## [Materials provided]
————
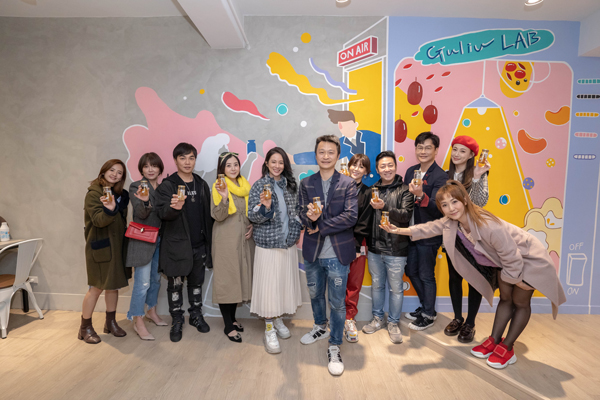 谷溜谷溜台中藝人到訪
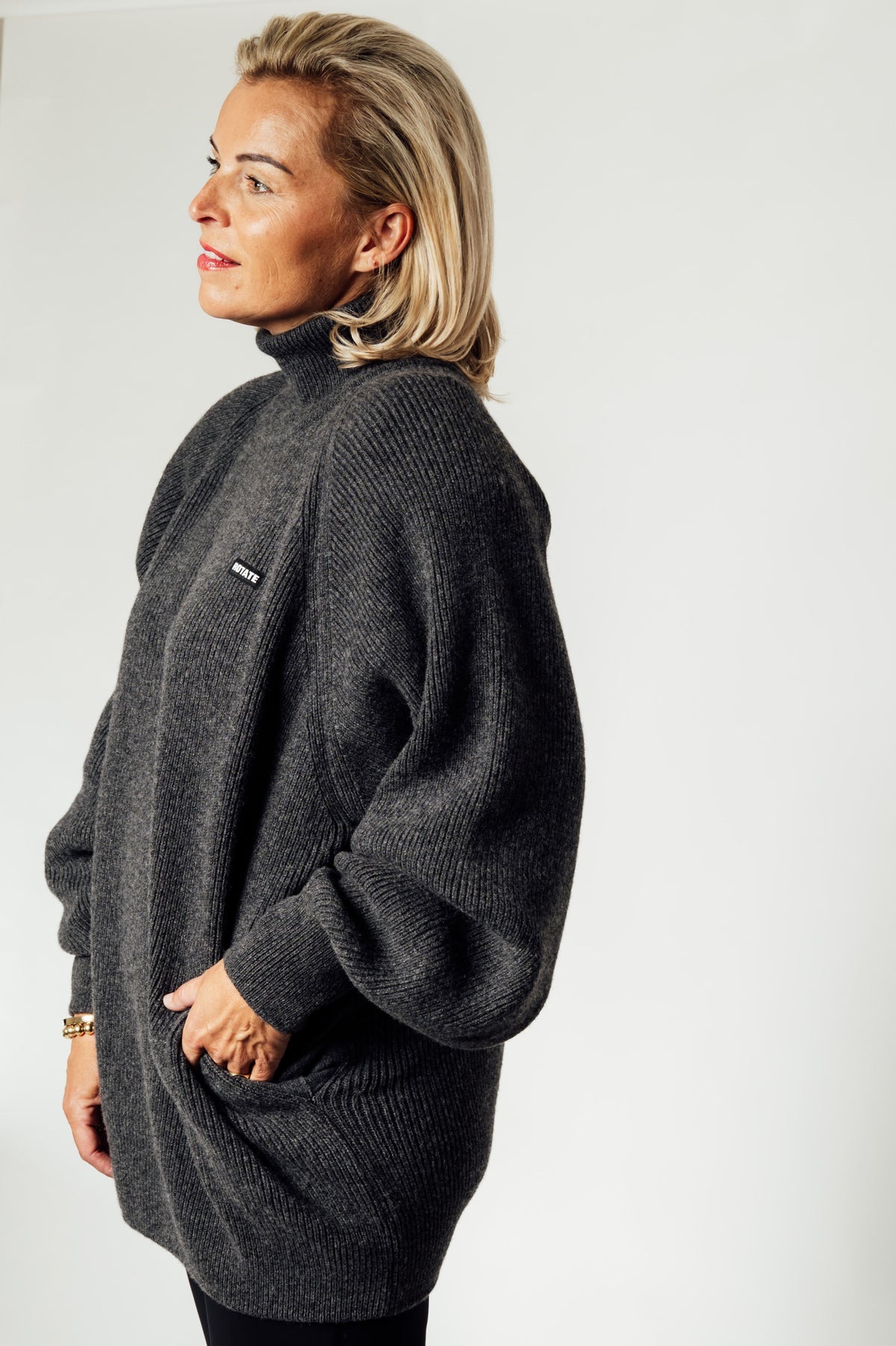 ROTATE oversized gebreide coltrui antraciet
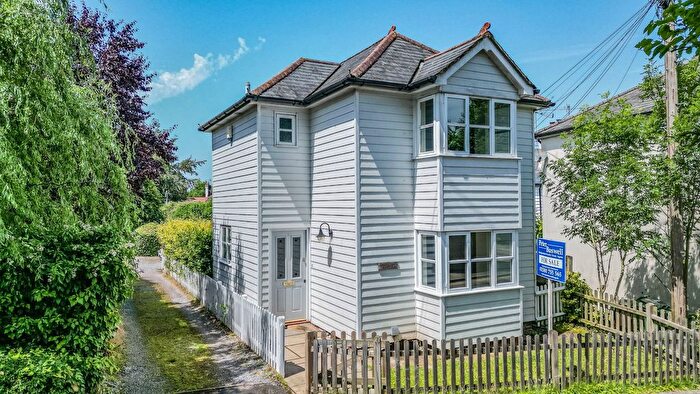 2 Bedroom Detached House For Sale In Heartenoak Lane, Hawkhurst, TN18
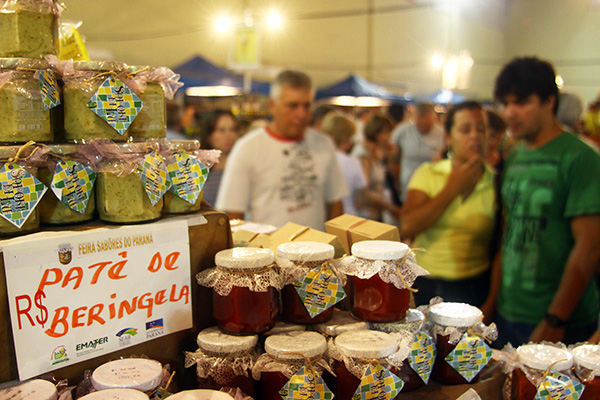 O programa é destinado especialmente à agroindústria familiar e às de pequeno porte. Para que os estabelecimentos recebam o selo Susaf-PR precisam estar registrados nos Serviços de Inspeção Municipais (SIM).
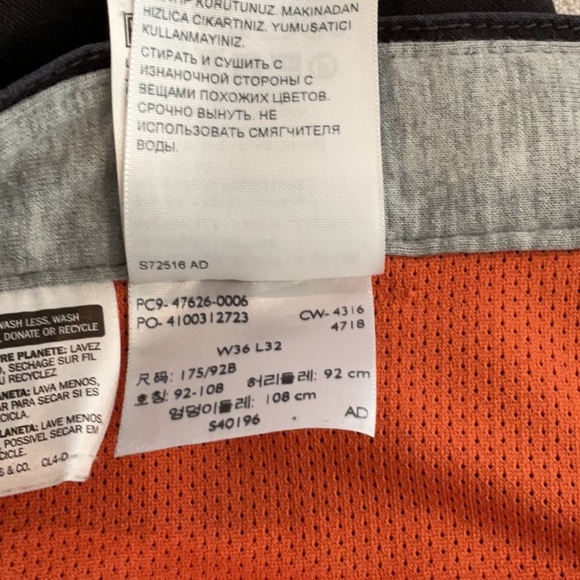 Dockers 36x32 Black Slacks - Picture 8 of 8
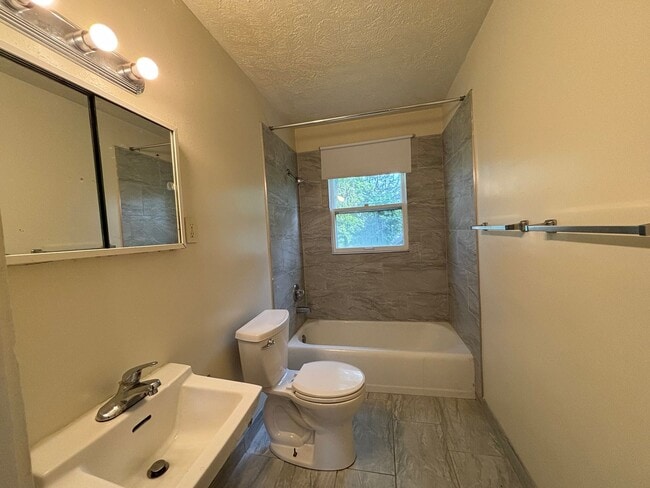 Building Photo - 3 Bedroom House Available Now!!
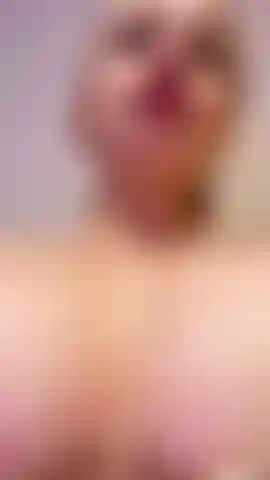 Você gosta de ver saliva pingando nos meus mamilos duros.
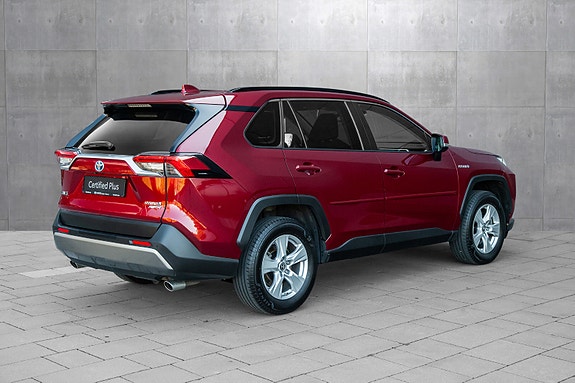 Toyota RAV4 4 of 20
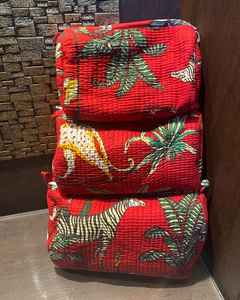 Set de Bolsas de Maquillaje y Artículos de Aseo de Algodón Acolchado con Estampado Indio - Product Image 4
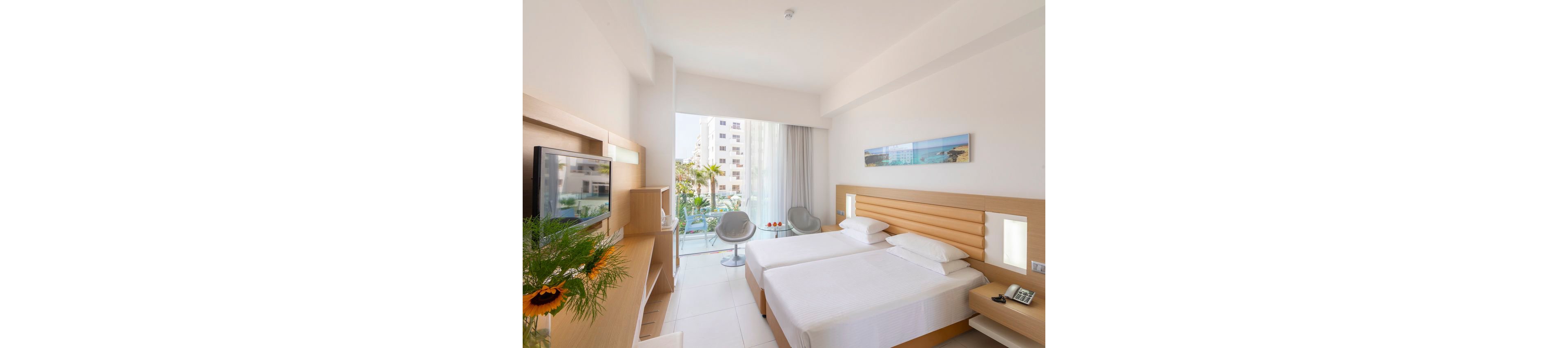 Vrissaki Beach Hotel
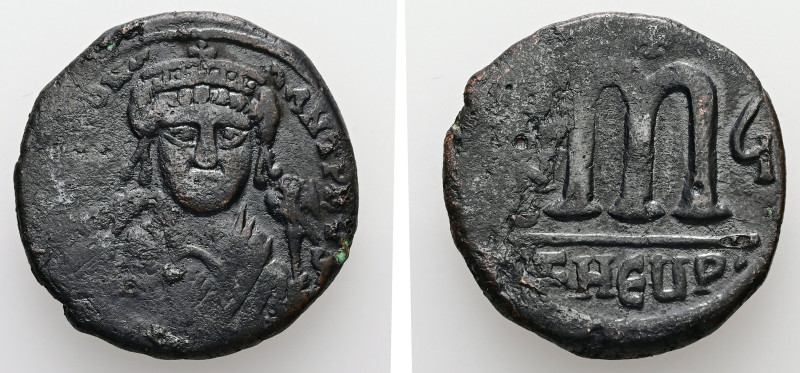 Tiberius II Constantine, AD 578-582. AE, Follis. 14.20 g. 29.72 mm. Theoupolis (...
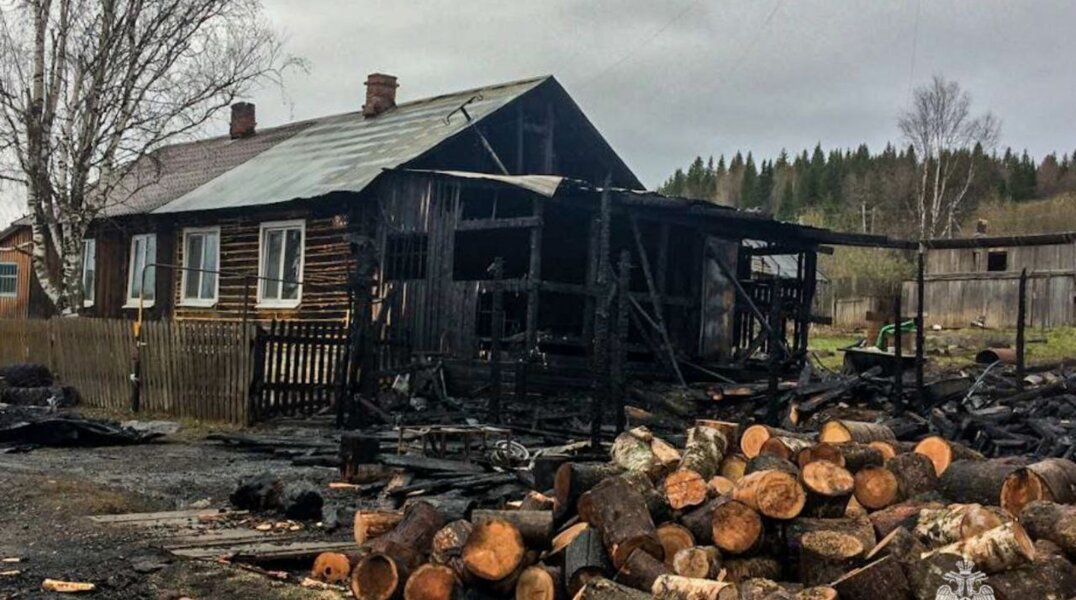 В Пермском поселке неравнодушные соседи спасли 6 человек из горящего дома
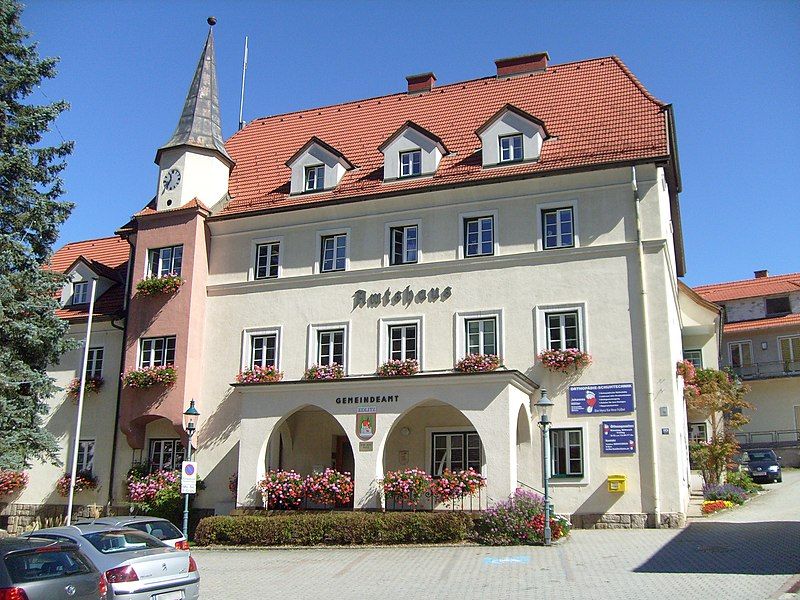 File:Amtsgebäude Edlitz.JPG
————
## [To do]
Exact copy, pictures omitted: every line from the one holding "Vrissaki Beach Hotel" through the last line of the data above, and nothing else.

## [Task answer]
 Vrissaki Beach Hotel
 Tiberius II Constantine, AD 578-582. AE, Follis. 14.20 g. 29.72 mm. Theoupolis (...
 В Пермском поселке неравнодушные соседи спасли 6 человек из горящего дома
 File:Amtsgebäude Edlitz.JPG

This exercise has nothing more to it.